Zoals u weet is de Nederlandse kinderopvangsector een marktsector. Dat betekent ondermeer dat de bezoldiging van directeuren en raden van bestuur of toezicht niet onder de wet normering topinkomens valt. Ik heb dan ook – net als in andere marktsectoren – geen zicht op de beloningsstructuur in de kinderopvangsector.
Bij brief van 5 september heeft de Minister van Veiligheid en Justitie, mede namens mij, schriftelijke vragen beantwoord die waren gesteld door de leden Heerma en Oskam van uw Kamer (Aanhangsel Handelingen II 2013/14, nr. 2903). Ook door deze leden werd gevraagd om een reactie op de gang van zaken bij de voorbereiding van het faillissement van Estro door haar bestuur en de verkoop en daarop volgende doorstart van een belangrijk deel van de kinderopvanglocaties na de faillietverklaring.

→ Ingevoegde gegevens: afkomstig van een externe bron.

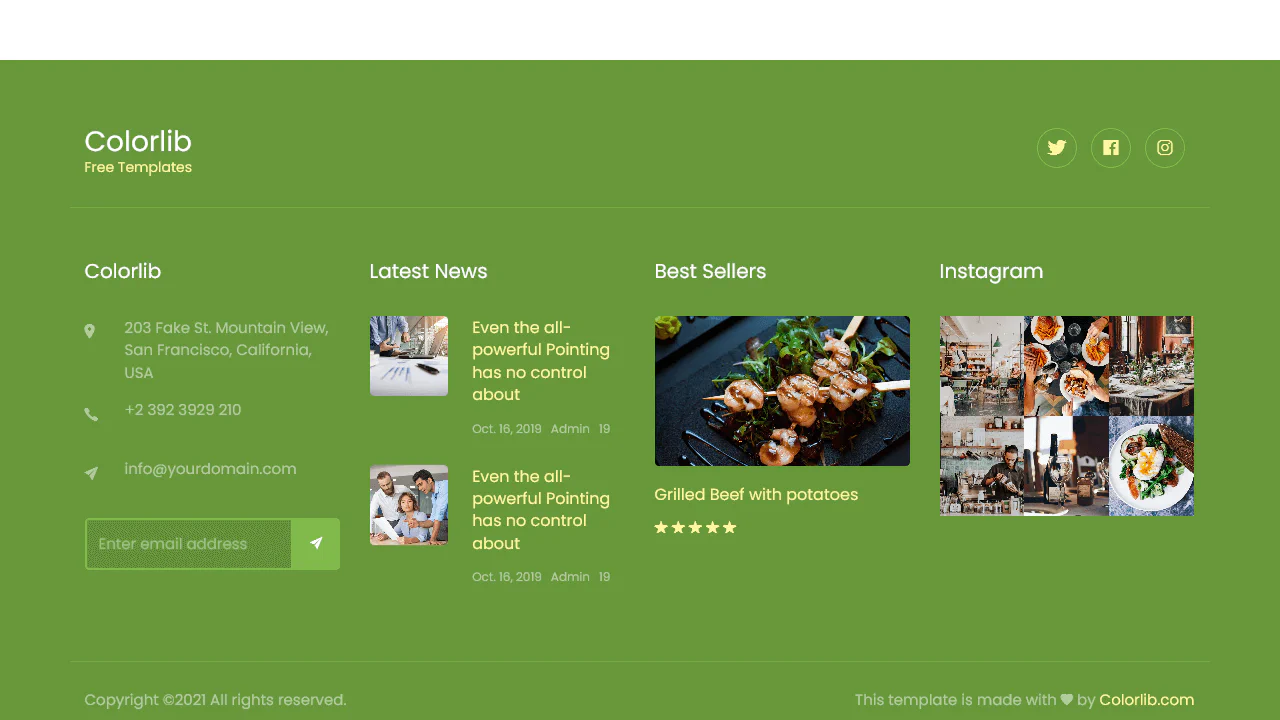 Bootstrap Footer #15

Daarbij werd in het bijzonder geïnformeerd naar de betrokkenheid van investeringsbedrijf HIG; het bedrijf dat de belangrijkste financier en voornaamste eigenaar was van crèchebedrijf Estro en in het verkoopproces ook lange tijd in beeld was als enige overnamekandidaat en uiteindelijk als koper uit de bus is gekomen. Kortheidshalve verwijs ik u naar deze brief.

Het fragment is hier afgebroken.